With S.B. 174 in place, Utahns wanting to acquire an abortion for reasons outside of these circumstances will have to travel to a clinic in the nearest abortion-friendly state, Colorado. 

According to a recent survey, the majority of Americans support maintaining Roe v. Wade and keeping abortion legal. 

Planned Parenthood Utah said they would continue to provide abortion services until the law came into effect, after which the organization would have to stop performing abortions and refer those seeking it to facilities in other states.

Thousands Gather at Utah State Capitol to Protest the Ruling

The Supreme Court’s decision has been met with anger and celebration across the country. In Utah, thousands of people gathered at the state capitol to protest the decision. 

The rally was organized by Planned Parenthood. Another group of protestors, organized by the Utah Coalition of Leftists, met at Washington Square Park and marched up to the capitol building to join the rally. 

The crowd packed in tight, filled the steps of the Capitol and stretched back into the grass.
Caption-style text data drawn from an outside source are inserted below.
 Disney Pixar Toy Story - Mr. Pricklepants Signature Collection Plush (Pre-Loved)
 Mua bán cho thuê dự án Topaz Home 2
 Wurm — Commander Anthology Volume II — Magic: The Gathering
Signs stuck out from the crowd, reading various messages including “abortion is healthcare” and “bans off our bodies.” 

Various community members delivered speeches at the event, including a church minister, representatives from local organizations like Comunidades Unidas and women with personal experiences with abortion. 

Candida Duran Taveras, director of community engagement at Planned Parenthood Utah, opened the event by acknowledging the ongoing struggle for abortion access prior to the supreme court’s decision. 
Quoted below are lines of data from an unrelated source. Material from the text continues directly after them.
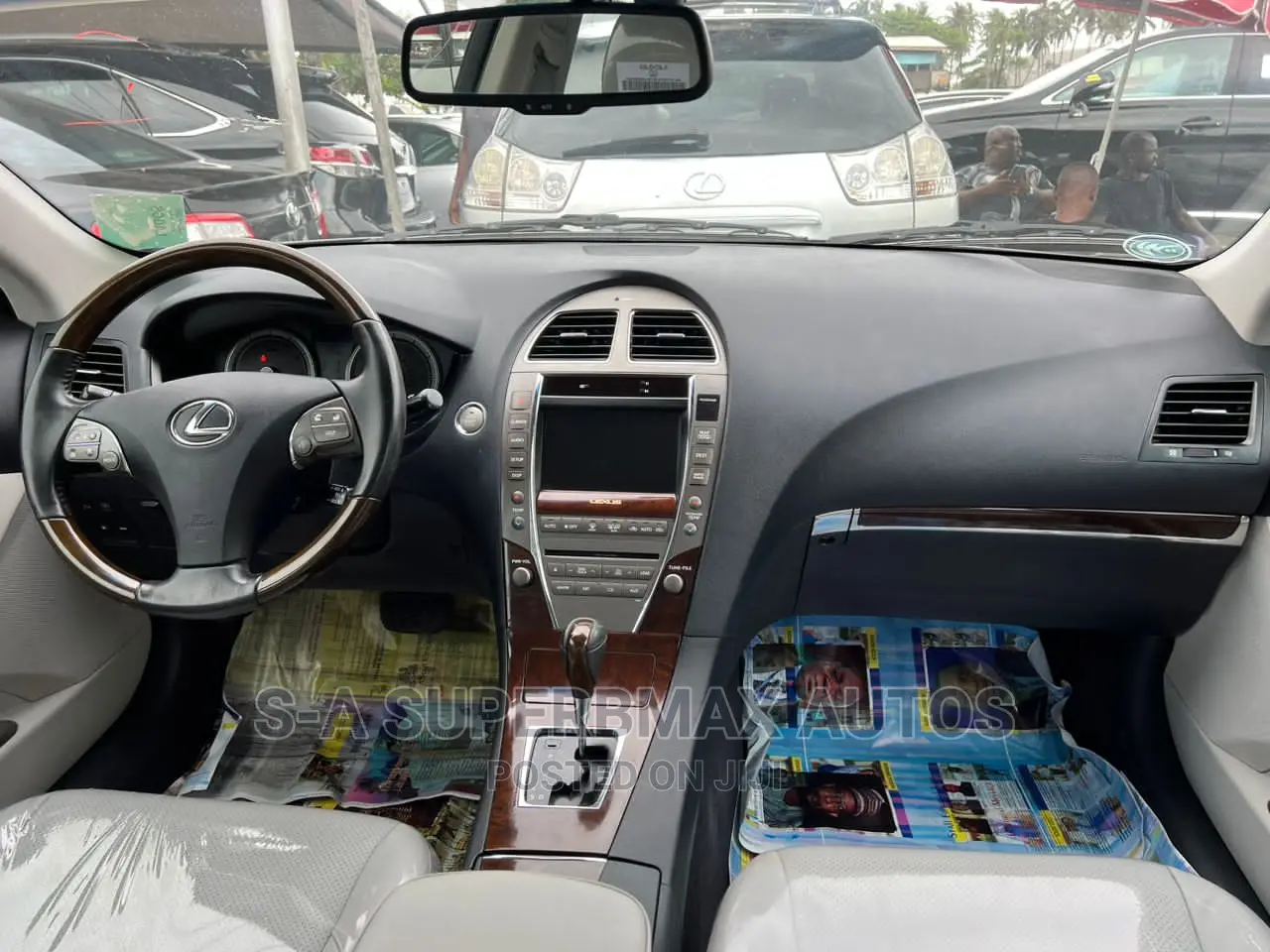 Lexus ES 350 2012 Gray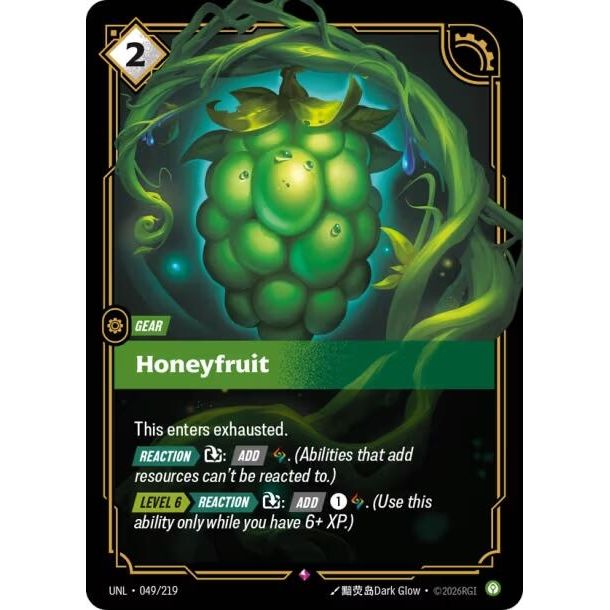 Honeyfruit (049/219) (Unleashed) - PokeBox USA
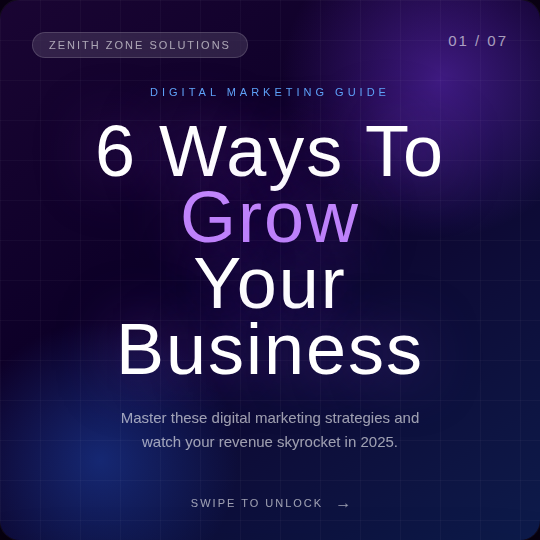 Zenithzonesol's tweet photo. You don't need to figure this out alone.
We handle your digital marketing end-to-end — so you can focus on what you do best: running your business. DM us today and let's build something great together.

#ZenithZoneSolutions #DigitalMarketingAgency #MarketingAgency #HireUs https://t.co/nNYGuaaZhF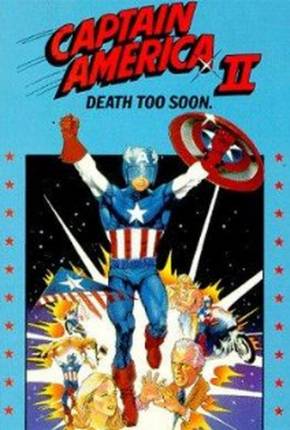 Filme Capitão América II / Captain America II: Death Too Soon 1979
“Roe was a right by name, but access to abortion care was never guaranteed,” Taveras said. “Black, Indigenous and other communities of color, immigrant communities, people with low incomes, people with disabilities … haven’t had access to abortion in the way that they should.”

Reverend Monica Dobbins, minister of the First Unitarian Church of Salt Lake City, spoke about her faith driving her support of abortion rights. 

“Abortion isn’t against everyone’s religion,” Dobbins said. “Unitarian Universalists, Jews, Muslims, Baha’i … also Christians. A majority of American Christians believe abortion should be legal all or most of the time.” 

In between speakers, Taveras led the crowd in chants, including “abortion is a human right” and “our bodies, our lives, our right to decide.”

Demonstrators at the protest of the overturning of Roe v. Wade at the Utah State Capitol on Friday, June 24, 2022. (Photo by Xiangyao “Axe” Tang | The Daily Utah Chronicle)

One woman named Heather shared her personal abortion story, beginning and ending her speech with the words, “I have had an abortion.” 

“I never shied away from talking about my abortion because I do not think I did anything that I should be ashamed of,” Heather said. “One in four women have had an abortion, so I know I’m not alone.” 

Denise Weaver, organizer for the Party of Socialism and Liberation, spoke critically of the Supreme Court justices for their actions. 

“In this purported democracy of ours,” Weaver said, “how is it possible that five millionaires who were never elected, who serve life terms, get to decide the fate of tens of millions of women?”